Di fango e stracci che sono venuti fuori dalla denuncia di Bennett la cosa che fa, mediaticamente, più impressione è l’atteggiamento dei denigratori della Argento. Quelli che non credevano al dispositivo #metoo all’inizio (quando era Asia a denunciare), e che adesso ci credono solo per pronunciare un esemplare “ben le sta” nei confronti di Asia.

E no, belli e cari. O si accetta la logica della denuncia mediatica o si rifiuta. Negli Usa si è scelto di accettarla, e se sono venuti fuori una quantità di paradossi che ora rischiano di soffocare l’intero movimento. Il moralismo calvinista che si ripresenta, un rintocco luttuoso sotto la maschera della liberazione sessuale, e l’idea davvero da bestie -con cui abbiamo dimenticato qualche migliaio di anni di cultura- secondo cui l’opera si identifica con l’autore hanno fatto fuori geni come Woody Allen e artisti grandiosi come Kevin Spacey.

Lasciando al loro destino i giornali, e il mondo delle star e starlette -in fondo chi se frega di loro- ci si chiede cosa sia cambiato davvero nel quotidiano di ognuno di noi. I capufficio porci sono ancora lì o no?

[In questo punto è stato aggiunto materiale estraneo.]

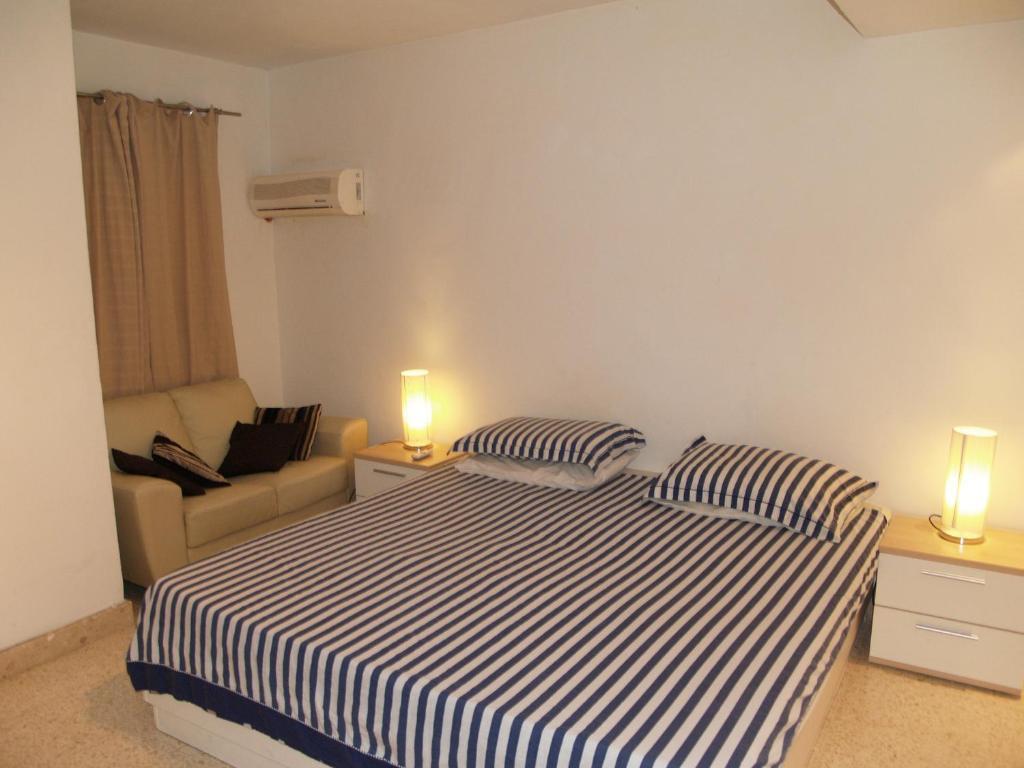 Seafront Spinola Bay Apartment *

In Italia qualche denuncia coraggiosa, e qualche reputazione rovinata (vedi alla voce Fausto Brizzi) hanno fatto un bel po’ di carne da gossip. L’unico interesse generale è chi ha scopato chi.
Come la vicenda Argento, del resto. Chissà quanti hanno letto per tensione morale i messaggi diffusi da Rain Dove, La modella 27enne, compagna di Rose McGowan -o meglio ex compagna, tutto è fluido e gossipparamente ghiotto sull’instagram di colei che si autodefinisce “gender capitalist”- in cui la Argento ammetteva i rapporti sessuali con Bennett e quanti lo hanno fatto per farsi un po’ i fatti di Asia. Non facciamo gli scemi e raccontiamocela una buona volta: è solo gossip nel mare del gossip.

La sensazione, in breve, è che tutto il can can si sia risolto nell’epifenomeno. La somma cretinata delle guide sui giornali all’approccio non molesto, le sfuriate dannunzian-menefreghiste degli editorialisti di destra e quelle ideologico-educative delle editorialiste di sinistra. Lasciando al loro destino i giornali, e il mondo delle star e starlette -in fondo chi se frega di loro- ci si chiede cosa sia cambiato davvero nel quotidiano di ognuno di noi. I capufficio porci sono ancora lì o no? Quelli che pensano che dirigere qualsiasi cosa implichi una qualche sorta di ius primae noctis sono ancora lì o no? La sensazione è che la ferita antica che ogni donna si porta dentro sia ancora lì. E che le battaglie rappresentative. nella loro forza protrettica, facciano vittime a caso, basta avere il mignolo di uno scheletro nell’armadio, e c’è sempre uno che al posto di un’armadio ha una cassaforte.

Anche per questo, perché il movimento #metoo ha mostrato molti dei suoi limiti, sarebbe bene andare oltre. Quindi, cari amici di Sky, Asia è competente, è brava, e buca lo schermo. Teniamocela, su.